Les revendications de Public Eye sont les suivantes:
Le gouvernement et le parlement suisses doivent...
- Garantir la transparence du secteur suisse du négoce des matières premières, notamment grâce à la publication régulière de données statistiques complètes et pertinentes sur le secteur;
- Réguler les activités des négociants en matières premières domiciliés en Suisse, en mettant en œuvre les Principes directeurs de Nation Unies relatifs aux entreprises et aux droits de l’homme, et en particulier, en introduisant dans la loi un devoir de diligence raisonnable en matière de droits humains, comme cela a été évoqué dans le Guide suisse de bonnes pratiques pour le négoce des matières premières et le Guide de l’OCDE et de la FAO pour des filières agricoles responsables;
- S’assurer que les acteurs non étatiques basés en Suisse, comme les négociants en matières premières agricoles, respectent et renforcent les droits humains reconnus par le droit international, en prêtant une attention particulière à la Déclaration des Nations Unies sur les droits des paysans et des autres personnes travaillant dans les zones rurales (UNDROP), adoptée en 2018;
- Prendre toutes les mesures nécessaires pour promouvoir l’UNDROP et reconnaître l’importance de la coopération internationale dans sa mise en œuvre;
- Améliorer et garantir l’accès à des mécanismes de recours judiciaires et extrajudiciaires en Suisse pour les victimes de violations de droits humains impliquant des sociétés de négoce en matières premières agricoles domiciliées en Suisse;
- S’assurer que les conséquences négatives de la concentration du marché et des abus de pouvoir sur le marché par les négociants agricoles domiciliés en Suisse, dans la dimension verticale des chaînes mondiales de création de valeur, soient reflétées dans les politiques et pratiques de concurrence, et améliorer la collaboration transfrontalière entre les différentes autorités nationales de la concurrence;
- Garantir une cohérence entre les politiques étrangères, commerciales et relatives aux droits humains en s’assurant que les deux premières garantissent la protection, le respect et la réalisation des droits humains.

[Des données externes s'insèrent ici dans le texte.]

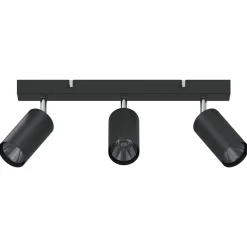 vidaXL Takspotlight med strålkastare Svart 38 x 6 x 16 cm Metall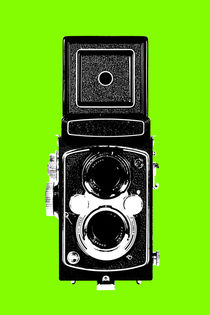 medium format camera green popart by Les Mcluckie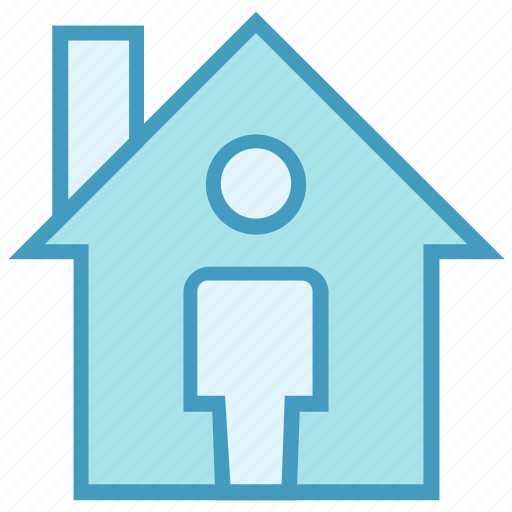 Building, home, house, person, property, real estate, user icon - Download on Iconfinder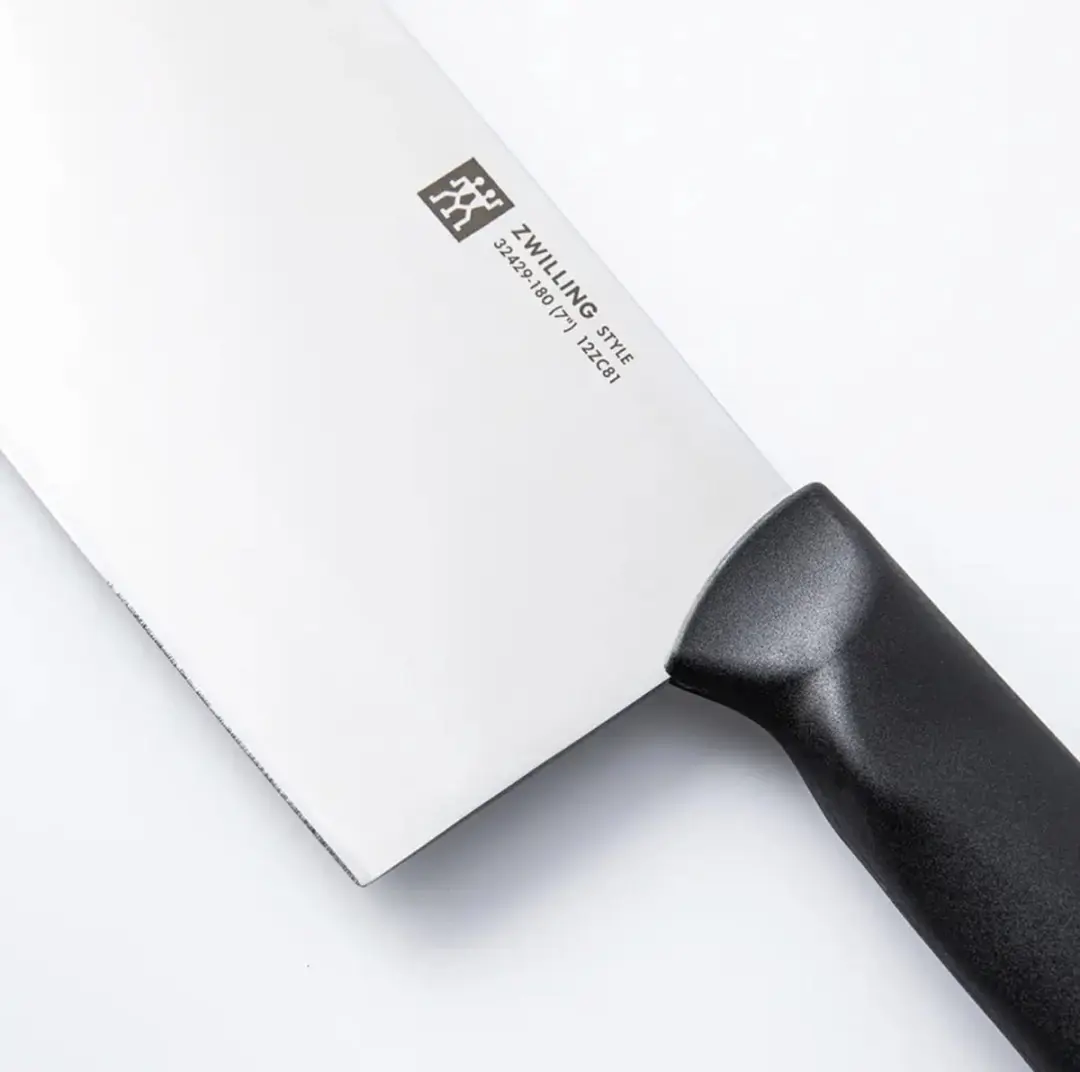 Zwilling Wokset 30cm - Chinees Koksmes 18cm - Glasdeksel - Zilver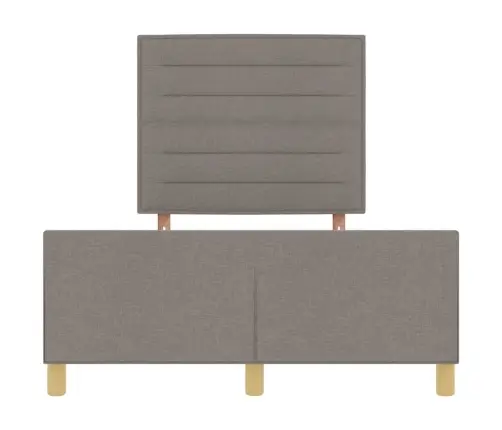 Gultas Rāmis Ar Galvas Klāju Pelēkbrūna 160 X 200 Cm Audums Vidaxl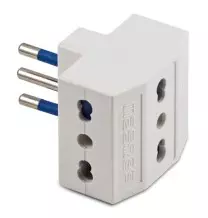 Adattatore Triplo 10A+T Bianco Master 05651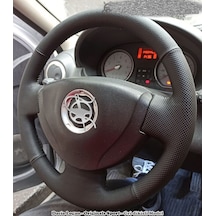 Dacia Logan Araca Özel Deri Direksiyon Kılıfı Noktalı Düz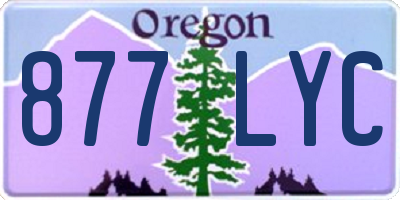 OR license plate 877LYC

Les négociants agricoles suisses et les associations professionnelles doivent...
- Faire preuve de transparence quant à leurs activités commerciales en Suisse et depuis la Suisse, communiquer de manière transparente leurs parts de marché; garantir la transparence financière, notamment en matière fiscale;
- S’engager à mettre en œuvre les principes directeurs des Nations Unies relatifs aux entreprises et aux droits de l’homme, notamment le devoir de diligence raisonnable en matière de droits humains, comme le préconise le Guide Suisse de bonnes pratiques pour le secteur du négoce des matières premières et le Guide de l’OCDE et de la FAO pour des filières agricoles responsables;
- Reconnaître et s’engager à respecter les droits humains reconnus internationalement, notamment les droits accordés par la déclaration UNDROP adoptée en 2018, en mettant particulièrement l’accent sur le droit à un niveau de vie décent;
- Mettre en œuvre les sept principes pour des relations commerciales équitables entre les sociétés agroalimentaires et les producteurs agricoles tels qu’identifiés par l'ancien Rapporteur spécial des Nations Unies Olivier de Schutter;
- S’engager à établir des mécanismes garantissant l’accès à des voies de recours pour les victimes d’abus de la part des entreprises.